■ YOUR INSTRUCTIONS
Each line below from the "暴雨来袭 湖南交通人坚守一线保畅通" line through the "世界上体型最大的花，竟然能产生幻觉让人死亡" line, those two included, must be restated word for word; the pictures must not be.

■ EXERCISE MATERIALS
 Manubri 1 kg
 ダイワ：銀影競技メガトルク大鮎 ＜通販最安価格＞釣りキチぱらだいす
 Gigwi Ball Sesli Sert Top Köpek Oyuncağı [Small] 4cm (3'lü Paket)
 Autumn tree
* * *
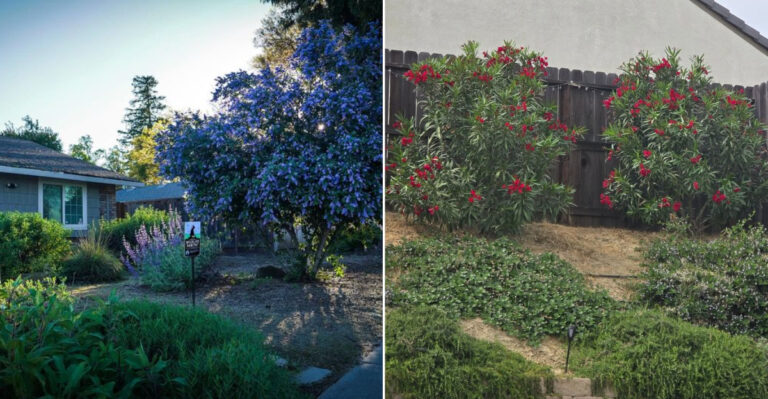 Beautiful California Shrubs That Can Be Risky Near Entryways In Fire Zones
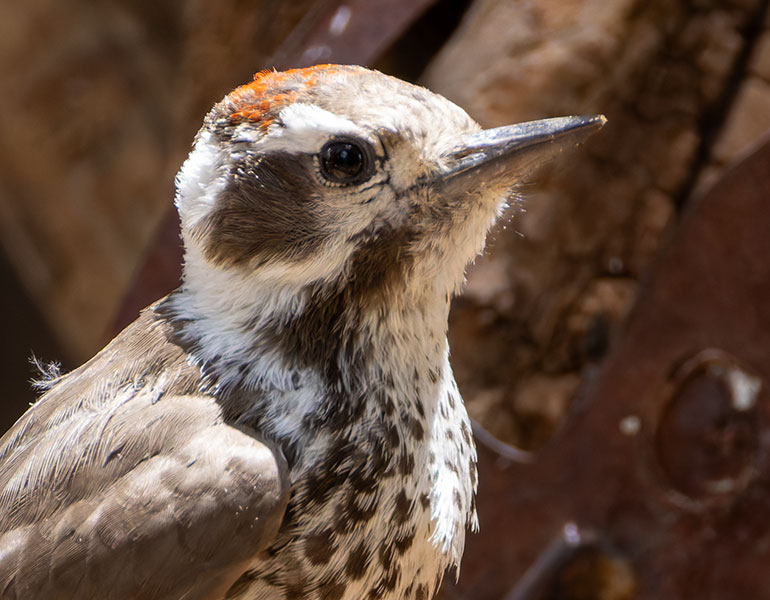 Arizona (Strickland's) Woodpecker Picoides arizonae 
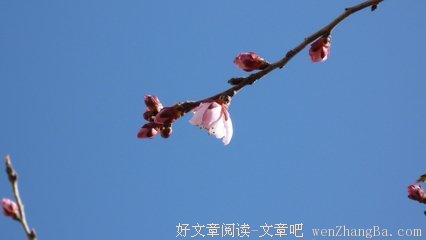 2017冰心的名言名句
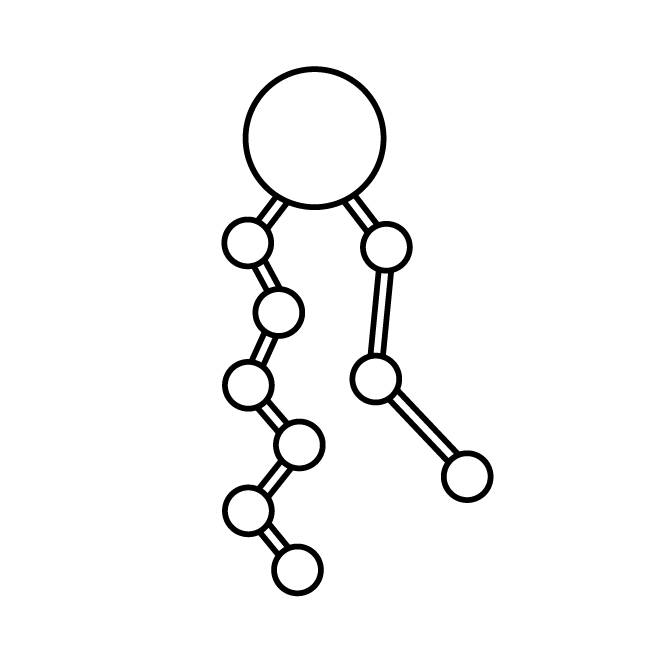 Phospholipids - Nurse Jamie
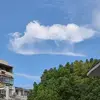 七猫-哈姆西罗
==
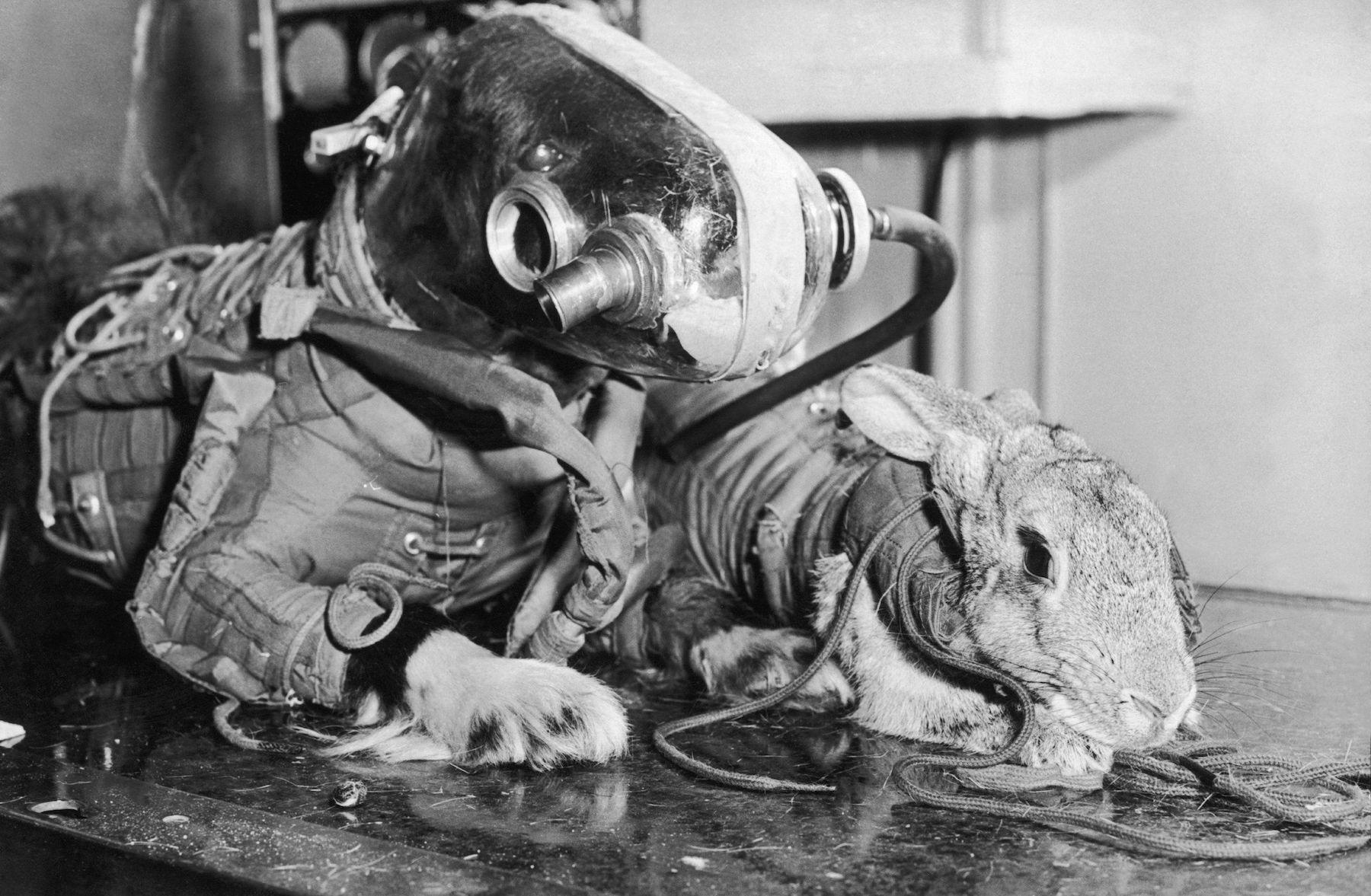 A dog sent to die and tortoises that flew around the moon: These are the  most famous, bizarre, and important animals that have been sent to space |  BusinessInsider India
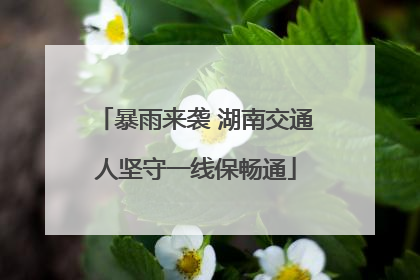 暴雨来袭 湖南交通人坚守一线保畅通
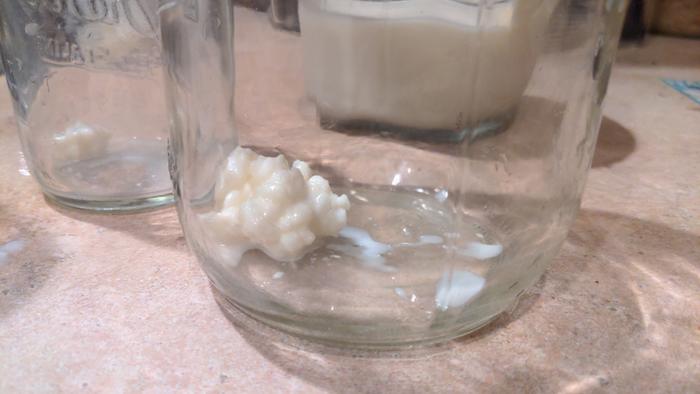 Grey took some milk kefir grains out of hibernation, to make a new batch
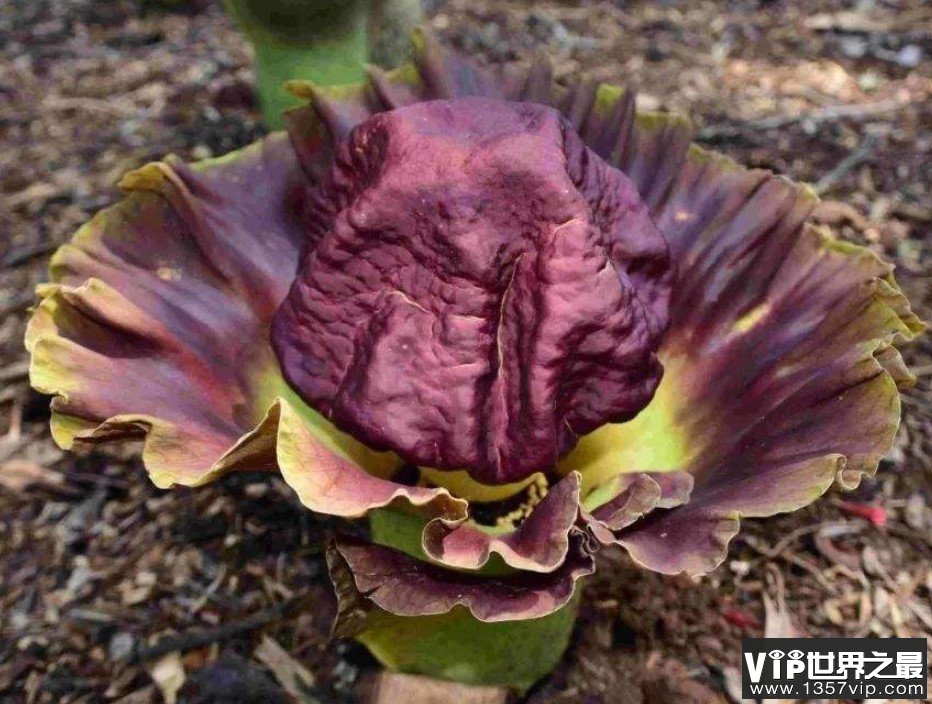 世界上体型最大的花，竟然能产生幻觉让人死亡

■ RESULT
 暴雨来袭 湖南交通人坚守一线保畅通
 Grey took some milk kefir grains out of hibernation, to make a new batch
 世界上体型最大的花，竟然能产生幻觉让人死亡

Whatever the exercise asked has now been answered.